Certamente, a agudeza do filósofo-filólogo que interpreta as Escrituras é determinada pelas exigências do filósofo-geômetra que deduz causas e efeitos na Natureza, e para quem "as demonstrações são os olhos da mente". Tendo em mira a norma matemática, portanto, a do livro inteligível, Espinosa desenvolve, no Tratado da emenda do intelecto e na Ética, uma teoria das definições que aplica em todos os seus escritos, explicando cuidadosamente ao leitor "o pensamento do autor". Busca, por meio de definições nominais, liberar as palavras, tanto quanto possível, da equivocidade imaginativa e, através de definições reais, oferecer a gênese interna e necessária das ideias que expõe e demonstra. Essa elaboração marca a diferença profunda entre o texto hieroglífico e o filosófico, determinando diferenças fundamentais entre as Sagradas Escrituras e a obra filosófica, não só porque as primeiras nascem da imaginação e a segunda é atividade do intelecto, mas também porque as primeiras são fáceis quanto ao assunto e difíceis apenas pelos problemas impostos por sua língua e pelas circunstâncias históricas de sua redação, enquanto a segunda é difícil por seu assunto, embora clara e distinta por sua linguagem. Além disso, os leitores da obra espinosana [3] possuem "dicionário, gramática e retórica" da língua em que ela foi escrita e contam com o trabalho clarificador do próprio filósofo, que nos deixou definições e demonstrações de suas ideias.
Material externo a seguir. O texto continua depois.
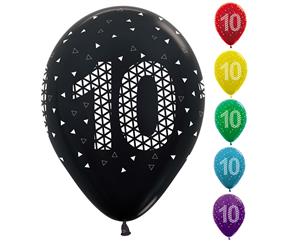 10th Met 30cm Latex Balloons AOP Wht Ink 50pk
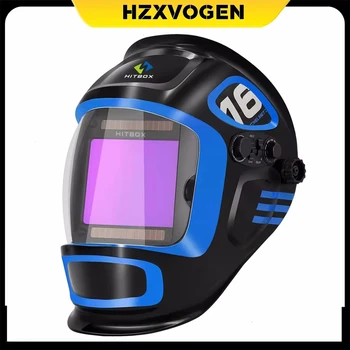 Casco per saldatura HITBOX Maschera Ture Color Casco per saldatura con oscuramento rapido automatico Casco con visione super grande per saldatrice MIG TIG ARC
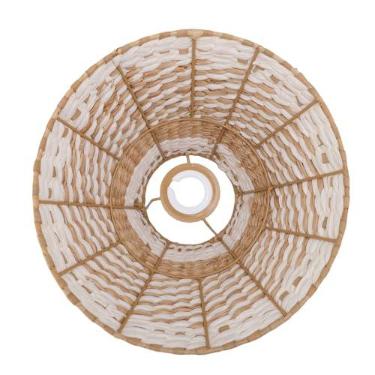 Imagem de Zerodis Abajur Decorativo de Palheta Tecido à Mão para Lâmpada de Mesa E27 E14 Abajur de Tecido à Mão Minimalista Luz Ambiente Quente Decoração Rústica Moderna de Fazenda (Tipo 1)
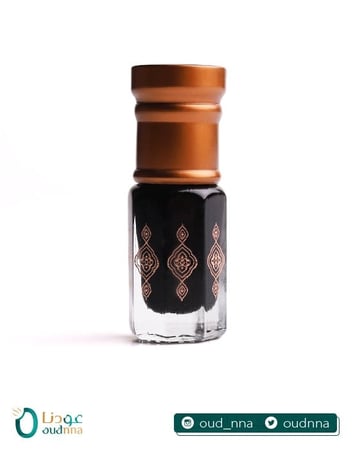 Black Musk with Ambergris in a bottle with white background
Ver online : A Nervura do Real II: Imanência e Liberdade em Espinosa


[1"Omnes fere tempus edax ex hominum memória abolevit" (O tempo voraz que devora todas as coisas tudo abole da memória dos homens), Espinosa, Tratactus theologico-politicus, Gebhardt, iii, p. 106.

[2"Tempus edax rerum, tüque/ invidiosa vetustas/ Omnia destruitis vitiaque dentibus aevi/ Paulatim lenta consumitis omnia mortis" (Ó tempo voraz, e tu,/ invejosa velhice,/ tudo destruís, e tudo o que foi corroído pelos dentes dos anos/ paulatina e lentamente consumis pela morte), Ovídio, Metamorphosis, xv, 234.
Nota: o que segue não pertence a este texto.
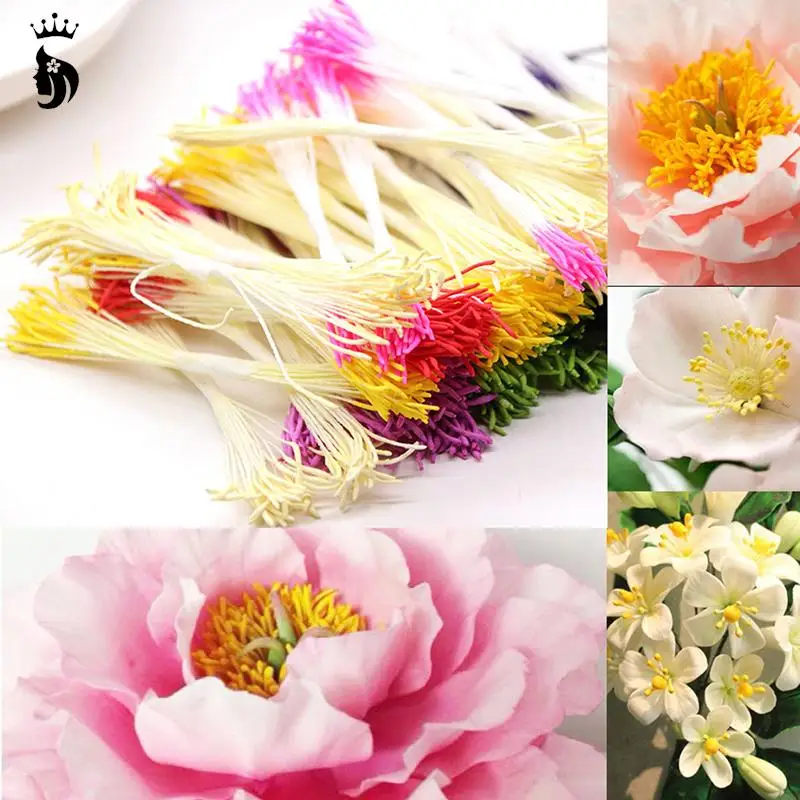 20Pcs/set Double Heads DIY Artificial Mini Pearl Flower Stamen Pistil 1mm Floral Stamen For Wedding Party Decoration DIY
[3Os leitores observarão que, no correr deste livro, empregamos três termos para nos referirmos ao pensamento de Espinosa: espinosismo, espinosista, espinosano/espinosana. Espinosismo e espinosista são empregados para significar: 1) as críticas e as imagens pejorativas relativas à obra de Espinosa; 2) as referências, também pejorativas, que autores fazem a outros para indicar sua suposta filiação ao pensamento de Espinosa, seja do ponto de vista teórico, seja do prático; 3) a caracterização da obra de Espinosa como doutrina. Espinosano/espinosana são empregados para indicar o que consideramos expressão do próprio pensamento do filósofo, suas ideias e seu discurso.